▶ _WHAT IS EXPECTED_
Set down the data below without change, skipping the pictures it holds.

▶ _DATASET EXTRACT_

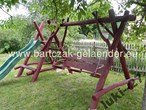 Rustic wooden swing with slide g-41
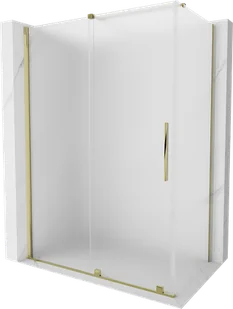 Mexen Velar kabina prysznicowa rozsuwana 160x70 cm, szron, złota - 871-160-070-31-50 - Kabiny prysznicowe - miniaturka - grafika 1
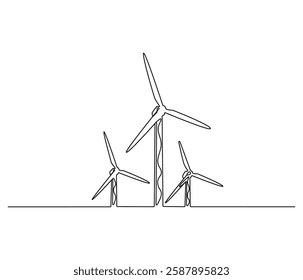 Continuous one line drawing of wind turbine. Single line drawing illustration of wind energy. Sustainable and alternative renewable energy concept vector art. Doodle line illustration.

▶ _THE ANSWER_
 Rustic wooden swing with slide g-41
 Mexen Velar kabina prysznicowa rozsuwana 160x70 cm, szron, złota - 871-160-070-31-50 - Kabiny prysznicowe - miniaturka - grafika 1
 Continuous one line drawing of wind turbine. Single line drawing illustration of wind energy. Sustainable and alternative renewable energy concept vector art. Doodle line illustration.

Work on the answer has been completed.